When she came across Ambrook, something clicked. "I was like, oh, that’s essentially what these bookkeepers do. But I don't have to mediate and do everything, because the technology just streamlines it," she said.
After Stephanie’s accountant shared her experience with other clients using Ambrook, she decided to give it a try. She got to work building a bookkeeping structure that could keep up with Single Iron’s distinct enterprises, complex livestock inventory, and diverse business projects.
The switch started to pay off in less than a year. Stephanie went from feeling like she was falling behind to getting the books done in the few available hours she has each week. With an accurate picture of every project, deal, and enterprise going into tax season, Stephanie saved on costs too.
"It was much less expensive and cost effective to be a Full Service client with Ambrook than it was to have that tax liability."
What changed: Transactions that take care of themselves
A large part of the bookkeeping now happens automatically. Stephanie linked Single Iron’s business accounts to Ambrook, so daily transactions can flow into the platform as they’re made. For larger purchases, Stephanie captures receipts and bills and Ambrook extracts the details. She no longer has to enter every line item from scratch.
All of this means Stephanie can spend less time wrangling transactions every week, knowing that each one is still getting logged. Since doing the books has become manageable, she also hasn’t had to hire an outside bookkeeper.
"I’m not nearly as overwhelmed,” she said. “When it’s like, ‘Oh, I need to do this, I need to do that,’ I know it's still streaming in all the live transactions and that just has saved so much time.”
Project-level visibility that makes enterprise decisions easier
When transactions flow into Ambrook, Stephanie tags and categorizes everything by its enterprise and project. This helps her understand whether each client engagement, cattle lot, or equipment deal was actually profitable for Single Iron.
Stephanie likes how specific she can get with the tags, because she and her husband use the data to evaluate whether similar opportunities are worth pursuing again. "The broad picture is what matters in the end, but being able to isolate just the one piece of equipment, you can see which pieces do better than others."
With this level of visibility, the Johnsons can firmly back up every business decision they make. "If we're going to be breaking even or just barely getting by, it's not worth our time," Stephanie said.

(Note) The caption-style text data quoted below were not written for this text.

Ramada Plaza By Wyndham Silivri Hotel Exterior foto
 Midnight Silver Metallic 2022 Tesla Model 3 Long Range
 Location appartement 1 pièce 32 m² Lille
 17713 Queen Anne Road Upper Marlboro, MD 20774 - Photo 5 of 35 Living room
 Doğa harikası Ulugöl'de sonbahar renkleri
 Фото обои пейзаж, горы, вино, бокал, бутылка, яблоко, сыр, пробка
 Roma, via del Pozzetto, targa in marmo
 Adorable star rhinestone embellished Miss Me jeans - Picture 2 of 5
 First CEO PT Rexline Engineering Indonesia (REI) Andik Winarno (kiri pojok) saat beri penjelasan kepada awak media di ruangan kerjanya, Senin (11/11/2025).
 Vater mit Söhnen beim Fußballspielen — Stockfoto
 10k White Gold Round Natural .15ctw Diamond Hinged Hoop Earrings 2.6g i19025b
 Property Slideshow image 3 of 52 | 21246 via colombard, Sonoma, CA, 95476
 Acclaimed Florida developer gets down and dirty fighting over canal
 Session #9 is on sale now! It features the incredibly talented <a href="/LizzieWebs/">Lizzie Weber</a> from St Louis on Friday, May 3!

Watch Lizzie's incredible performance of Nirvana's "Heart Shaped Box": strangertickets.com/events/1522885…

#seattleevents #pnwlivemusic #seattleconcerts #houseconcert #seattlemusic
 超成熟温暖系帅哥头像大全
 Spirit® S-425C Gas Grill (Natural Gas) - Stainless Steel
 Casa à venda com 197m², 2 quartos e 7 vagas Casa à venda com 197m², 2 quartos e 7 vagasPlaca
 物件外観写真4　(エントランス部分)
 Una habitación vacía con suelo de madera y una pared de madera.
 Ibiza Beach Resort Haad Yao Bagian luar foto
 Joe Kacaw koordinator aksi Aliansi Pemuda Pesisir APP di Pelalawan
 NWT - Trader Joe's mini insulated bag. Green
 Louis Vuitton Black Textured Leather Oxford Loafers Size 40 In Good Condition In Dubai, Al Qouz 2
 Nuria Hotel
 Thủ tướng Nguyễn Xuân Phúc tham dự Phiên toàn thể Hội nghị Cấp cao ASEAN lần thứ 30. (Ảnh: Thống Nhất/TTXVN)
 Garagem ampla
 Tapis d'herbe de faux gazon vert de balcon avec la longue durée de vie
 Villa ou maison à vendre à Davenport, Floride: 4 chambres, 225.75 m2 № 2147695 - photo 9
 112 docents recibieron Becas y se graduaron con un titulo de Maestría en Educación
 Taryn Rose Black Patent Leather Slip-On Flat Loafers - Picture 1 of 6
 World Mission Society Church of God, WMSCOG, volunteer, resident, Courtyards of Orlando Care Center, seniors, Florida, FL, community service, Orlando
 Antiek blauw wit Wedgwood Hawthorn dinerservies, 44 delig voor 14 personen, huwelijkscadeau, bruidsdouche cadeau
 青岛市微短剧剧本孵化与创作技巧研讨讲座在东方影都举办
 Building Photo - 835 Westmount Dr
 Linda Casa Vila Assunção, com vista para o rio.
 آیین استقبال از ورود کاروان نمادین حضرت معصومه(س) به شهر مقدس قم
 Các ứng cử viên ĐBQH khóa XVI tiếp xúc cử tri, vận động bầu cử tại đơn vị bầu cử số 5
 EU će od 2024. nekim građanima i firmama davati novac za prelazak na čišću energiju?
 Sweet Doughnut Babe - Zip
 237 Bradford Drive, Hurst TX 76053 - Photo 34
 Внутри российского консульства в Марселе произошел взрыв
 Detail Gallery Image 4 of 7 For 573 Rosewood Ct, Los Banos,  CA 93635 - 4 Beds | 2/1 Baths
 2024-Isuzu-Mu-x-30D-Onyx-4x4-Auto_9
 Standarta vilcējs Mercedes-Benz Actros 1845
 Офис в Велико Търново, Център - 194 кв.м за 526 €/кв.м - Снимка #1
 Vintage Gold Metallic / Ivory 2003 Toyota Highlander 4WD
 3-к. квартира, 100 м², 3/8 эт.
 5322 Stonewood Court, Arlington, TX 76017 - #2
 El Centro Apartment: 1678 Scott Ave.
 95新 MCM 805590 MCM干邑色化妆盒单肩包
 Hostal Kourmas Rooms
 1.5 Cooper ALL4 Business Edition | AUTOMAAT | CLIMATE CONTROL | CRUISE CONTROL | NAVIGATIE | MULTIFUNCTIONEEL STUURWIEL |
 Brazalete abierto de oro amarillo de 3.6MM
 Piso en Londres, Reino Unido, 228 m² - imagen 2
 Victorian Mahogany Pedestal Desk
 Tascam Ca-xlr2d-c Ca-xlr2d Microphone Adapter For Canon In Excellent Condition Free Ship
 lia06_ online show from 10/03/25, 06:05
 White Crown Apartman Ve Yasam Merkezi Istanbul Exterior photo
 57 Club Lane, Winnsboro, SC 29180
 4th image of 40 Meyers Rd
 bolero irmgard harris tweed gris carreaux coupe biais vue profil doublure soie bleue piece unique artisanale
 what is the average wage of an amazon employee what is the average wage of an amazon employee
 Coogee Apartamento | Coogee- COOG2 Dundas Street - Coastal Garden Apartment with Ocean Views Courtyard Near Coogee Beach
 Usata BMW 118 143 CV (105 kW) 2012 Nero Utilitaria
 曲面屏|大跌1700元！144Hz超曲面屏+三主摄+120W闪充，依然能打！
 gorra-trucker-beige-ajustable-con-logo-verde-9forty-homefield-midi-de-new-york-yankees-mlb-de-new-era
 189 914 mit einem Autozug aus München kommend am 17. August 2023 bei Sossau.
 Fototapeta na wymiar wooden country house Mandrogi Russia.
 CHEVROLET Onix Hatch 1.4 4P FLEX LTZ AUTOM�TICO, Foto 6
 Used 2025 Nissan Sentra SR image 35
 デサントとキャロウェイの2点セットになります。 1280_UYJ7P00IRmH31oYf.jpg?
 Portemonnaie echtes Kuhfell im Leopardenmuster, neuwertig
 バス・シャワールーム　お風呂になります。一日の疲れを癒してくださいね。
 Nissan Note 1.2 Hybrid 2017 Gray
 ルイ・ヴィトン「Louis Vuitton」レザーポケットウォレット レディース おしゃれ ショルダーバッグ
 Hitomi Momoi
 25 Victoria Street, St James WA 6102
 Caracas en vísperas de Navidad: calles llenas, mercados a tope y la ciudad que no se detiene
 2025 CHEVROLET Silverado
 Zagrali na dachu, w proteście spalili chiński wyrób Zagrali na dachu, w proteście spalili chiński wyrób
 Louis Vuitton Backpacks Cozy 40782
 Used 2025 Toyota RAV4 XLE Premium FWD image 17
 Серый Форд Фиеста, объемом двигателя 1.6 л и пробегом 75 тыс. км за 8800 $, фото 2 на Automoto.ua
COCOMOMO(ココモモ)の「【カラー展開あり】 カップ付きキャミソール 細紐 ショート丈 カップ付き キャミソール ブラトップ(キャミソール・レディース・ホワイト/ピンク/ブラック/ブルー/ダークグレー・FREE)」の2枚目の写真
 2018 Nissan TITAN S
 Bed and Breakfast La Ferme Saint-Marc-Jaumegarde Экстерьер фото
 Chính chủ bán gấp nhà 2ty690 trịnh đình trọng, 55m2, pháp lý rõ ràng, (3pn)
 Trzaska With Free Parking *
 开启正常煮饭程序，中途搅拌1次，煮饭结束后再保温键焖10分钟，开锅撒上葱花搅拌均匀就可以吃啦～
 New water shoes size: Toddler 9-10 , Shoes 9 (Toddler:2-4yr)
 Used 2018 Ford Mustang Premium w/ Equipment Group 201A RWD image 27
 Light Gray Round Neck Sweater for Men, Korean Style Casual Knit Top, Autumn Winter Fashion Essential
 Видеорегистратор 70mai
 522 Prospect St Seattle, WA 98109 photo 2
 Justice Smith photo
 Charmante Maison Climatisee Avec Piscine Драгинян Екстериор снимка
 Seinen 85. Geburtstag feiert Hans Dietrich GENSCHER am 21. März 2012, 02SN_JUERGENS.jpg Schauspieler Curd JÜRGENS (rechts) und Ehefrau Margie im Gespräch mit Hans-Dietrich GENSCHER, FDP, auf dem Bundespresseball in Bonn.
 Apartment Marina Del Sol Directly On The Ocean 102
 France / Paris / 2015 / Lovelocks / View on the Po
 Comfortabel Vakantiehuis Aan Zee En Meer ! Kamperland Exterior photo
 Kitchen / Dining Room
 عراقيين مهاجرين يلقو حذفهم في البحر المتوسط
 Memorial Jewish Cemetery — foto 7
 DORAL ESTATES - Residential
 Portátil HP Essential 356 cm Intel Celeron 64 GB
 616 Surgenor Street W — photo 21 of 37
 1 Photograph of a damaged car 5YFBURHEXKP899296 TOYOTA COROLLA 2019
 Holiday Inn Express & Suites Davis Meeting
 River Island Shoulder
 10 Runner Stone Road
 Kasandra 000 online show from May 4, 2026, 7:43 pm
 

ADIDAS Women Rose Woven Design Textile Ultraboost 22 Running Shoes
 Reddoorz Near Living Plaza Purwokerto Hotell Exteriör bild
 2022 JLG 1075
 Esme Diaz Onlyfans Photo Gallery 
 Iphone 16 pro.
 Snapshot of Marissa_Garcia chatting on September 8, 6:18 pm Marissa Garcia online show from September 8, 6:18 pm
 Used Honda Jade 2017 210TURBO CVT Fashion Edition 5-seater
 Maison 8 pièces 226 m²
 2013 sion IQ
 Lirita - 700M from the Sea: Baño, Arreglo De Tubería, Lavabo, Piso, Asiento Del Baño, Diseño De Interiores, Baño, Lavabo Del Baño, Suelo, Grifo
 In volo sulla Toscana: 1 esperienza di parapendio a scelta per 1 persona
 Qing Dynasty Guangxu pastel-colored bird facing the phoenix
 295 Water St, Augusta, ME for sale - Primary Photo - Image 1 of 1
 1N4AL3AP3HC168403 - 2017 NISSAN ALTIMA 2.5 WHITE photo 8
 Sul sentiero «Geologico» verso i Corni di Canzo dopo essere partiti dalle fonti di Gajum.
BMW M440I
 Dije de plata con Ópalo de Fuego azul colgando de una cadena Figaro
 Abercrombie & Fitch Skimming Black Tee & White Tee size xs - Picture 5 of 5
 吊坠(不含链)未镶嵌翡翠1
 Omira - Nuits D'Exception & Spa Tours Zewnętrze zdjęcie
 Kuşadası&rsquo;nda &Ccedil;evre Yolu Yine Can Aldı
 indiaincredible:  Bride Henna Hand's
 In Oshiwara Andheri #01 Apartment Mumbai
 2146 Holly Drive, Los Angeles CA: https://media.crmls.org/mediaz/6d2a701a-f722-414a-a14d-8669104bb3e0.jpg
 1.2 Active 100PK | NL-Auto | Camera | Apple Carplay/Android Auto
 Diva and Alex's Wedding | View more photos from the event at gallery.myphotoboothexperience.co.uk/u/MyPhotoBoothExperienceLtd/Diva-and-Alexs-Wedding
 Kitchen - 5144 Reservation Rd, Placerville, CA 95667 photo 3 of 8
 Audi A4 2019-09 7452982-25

Records that outlast a good instinct
Eric has a strong working sense of the numbers. On a recent equipment deal, he estimated the profit before Stephanie ran it through Ambrook. He was only $94 off.
His instinct is a good guide for the business, but Stephanie understands it's not a long-term financial system. "That's not reliable all the time because there are different stresses and things that happen in life," she said. "Six months from now, he'll have no recollection of what that deal was."
Ambrook gives the family a way to turn their working knowledge into records they can keep coming back to, down to the exact piece of equipment or cattle lot.
Support for the transactions that don't fit a standard workflow
Single Iron's books also include transactions that are common in agriculture but hard to track in standard systems: livestock inventory, equipment trades, asset purchases, detailed management invoices, and non-cash exchanges.
Sometimes Eric will trade a piece of equipment for cattle, or he’ll trade cattle for equipment. The deal makes sense for the Johnsons operationally, but recording it in a way that will make sense to their accountant is a different challenge.
"That's all good and well, and I understand you got a really good deal," Stephanie will tell her husband, “but that's very hard to keep track of."
Stephanie didn't want to work through these situations on her own. She signed up for Ambrook's Full Service plan, where she could work with a dedicated account manager each month to make sure deals were recorded correctly in the platform.
"I can easily call and talk to somebody and be like, 'Can you walk me through how I allocate X, Y, Z, and make it all make sense?'"
This extra support has helped with more than just the edge cases. For Stephanie, it’s helped make every part of their finances a little bit easier. “I don't have to do it all at once,” she said. “I will just focus on tagging things out, then going in and figuring out allocating the balance sheet, then going in and looking at our reports and the analytics of things. It was really nice to have somebody to help me with all of that.”

Looking forward: A financial foundation for a business that keeps growing
Stephanie and Eric built Single Iron Management because they believe in agriculture as the foundation of our communities. "Agriculture is the backbone of our country,” Stephanie said.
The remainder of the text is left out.